Notes - Remove Broken Files (broken content, broken file name) in Ubuntu
I once wrote a python program to create text files, which only contain ASCII and UTF-8 Unicode text. Before being written to a file, every non-UTF-8 line of text is decoded to UTF-8 using this line of code:
line = line.decode('utf-8', 'ignore').encode("utf-8")
I noticed many suggestions on StackOverFlow to use python’s string.printable
or bash’s strings
command to sanitize the text. However, these functions
will remove all non-ASCII characters, which includes many, many valid UTF-8
characters because ASCII is a subset of UTF-8
(reference).
Accidentally, my program was unintentionally interrupted, which made many files broken. They contains non-ASCII/non-UTF-8 characters (e.g., binary and non-printable characters) in both file name and content of the file. This makes it hard to read, or even delete these files.
Some files contain escape characters \x..
in their name, which makes some
programs unable to access/read these files normally.
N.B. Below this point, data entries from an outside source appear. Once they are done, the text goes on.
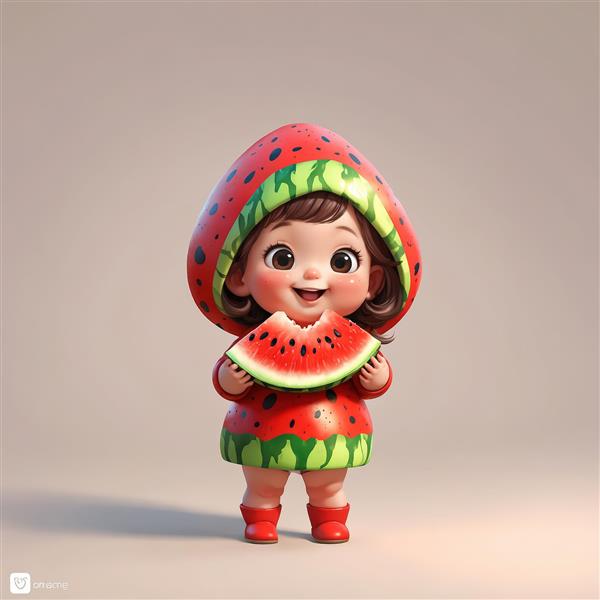 کاراکتر دختر کوچک کارتونی با کلاه و لباس هندوانه‌ای در حال خوردن میوه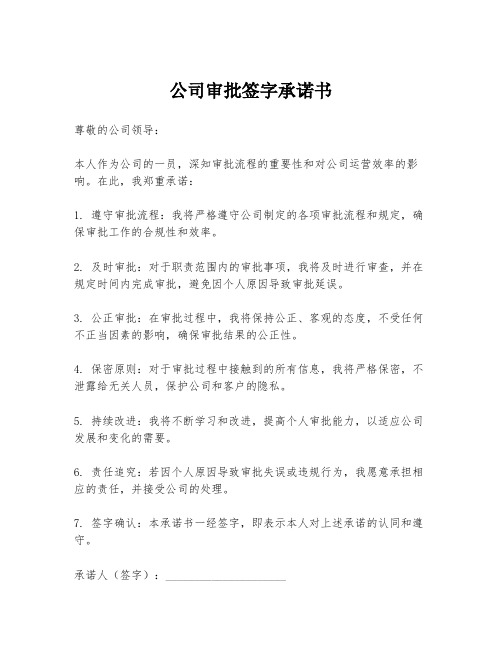 公司审批签字承诺书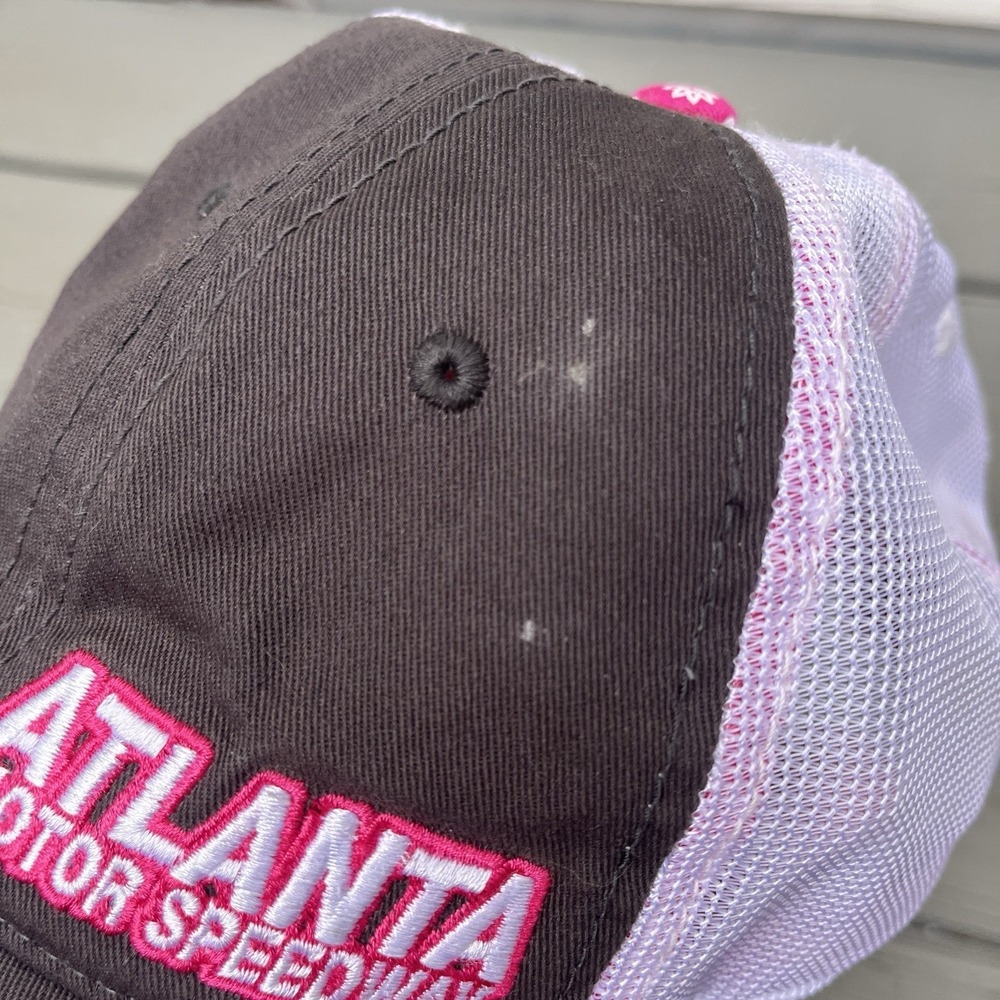 Atlanta Motor Speedway Nascar Gray Pink Adjustable Trucker Hat - Picture 9 of 9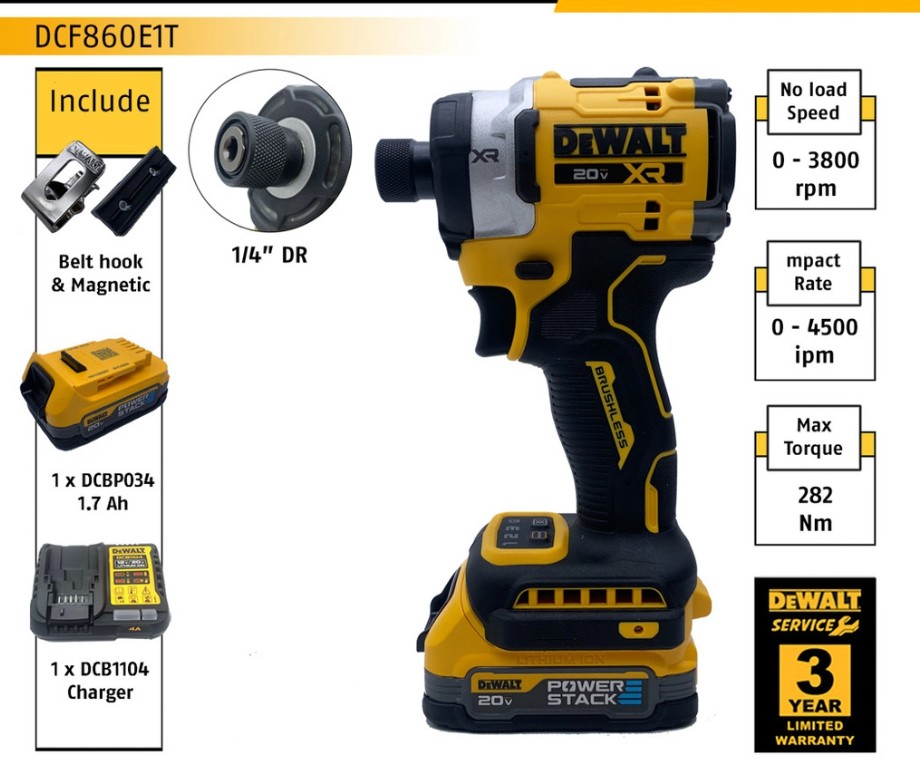 DEWALT DCF860E1T-B1 1/4" ( 6.35MM ) 18/20V BRUSHLESS CORDLESS IMPACT DRIVER DCF860E1T (STANDARD)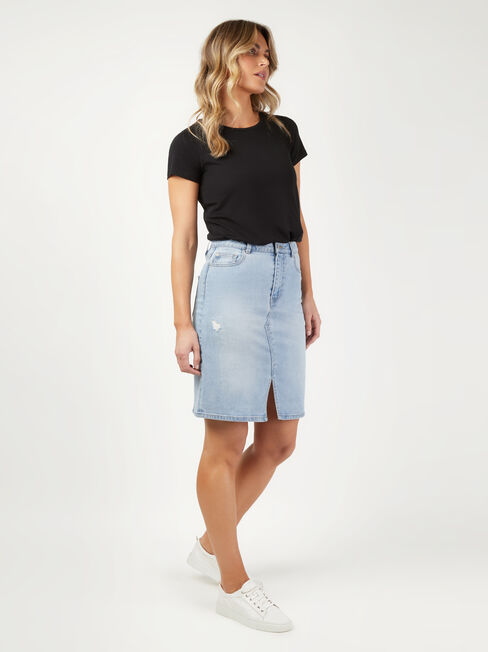 Riley Denim Skirt, Light Indigo, hi-res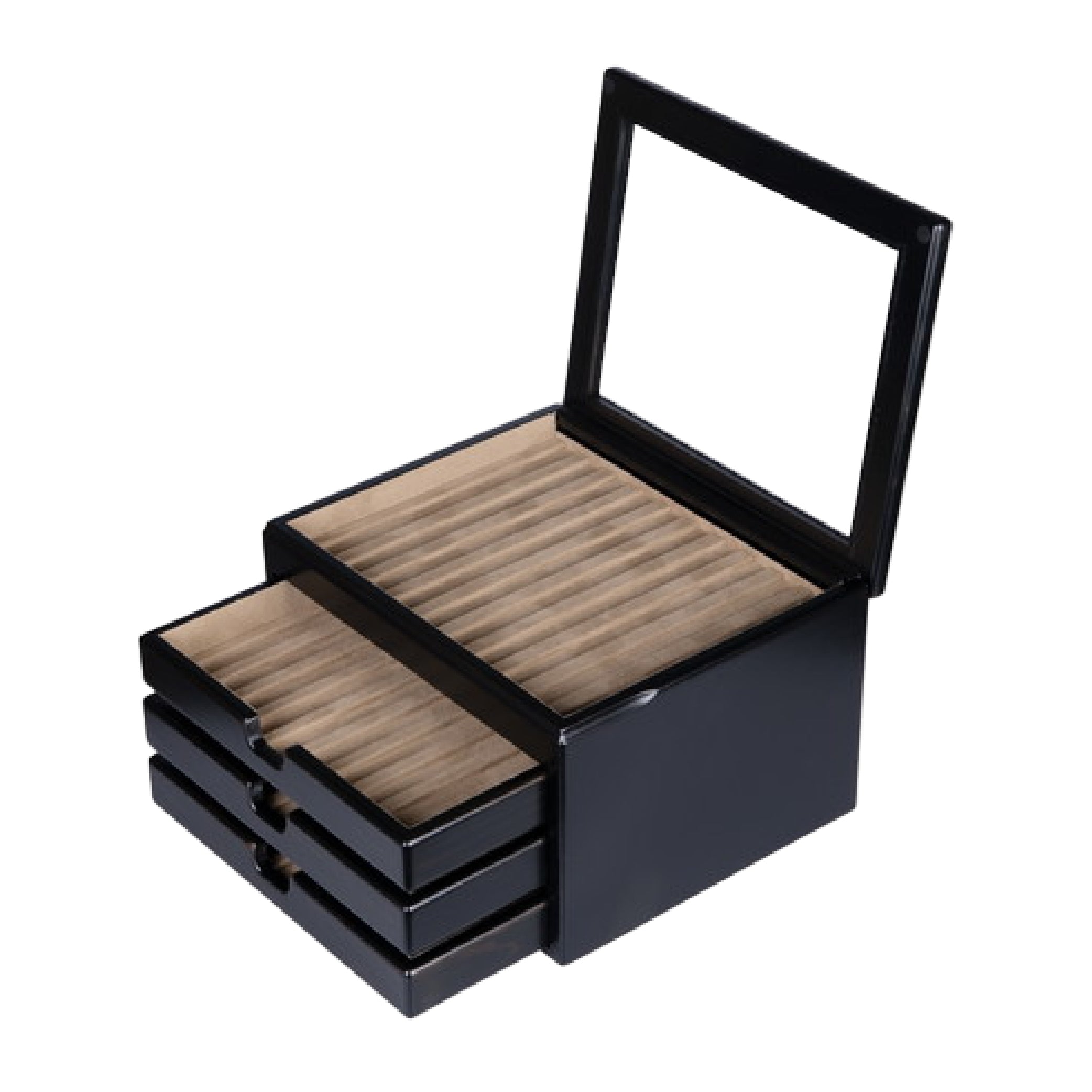 Wooden 40 Fountain Pen Box Black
Some files contain bad
characters in its content, which cause error when trying to read those files.
For example, some broken file names contains these string, which crash most
programs that try to read these files.
`h\241\212_pap\024i\033ular\001neee~\015\004)5resolv-retry!\271nfinite\241\212nobind
ӝ_BF-CBE\xwffw\qw\ff
鍺_995\005F\xAC\x\ff
After spending hours on trying to write some scripts to detect/fix/delete these files, I come up with the following two steps to remove corrupted files from my directories.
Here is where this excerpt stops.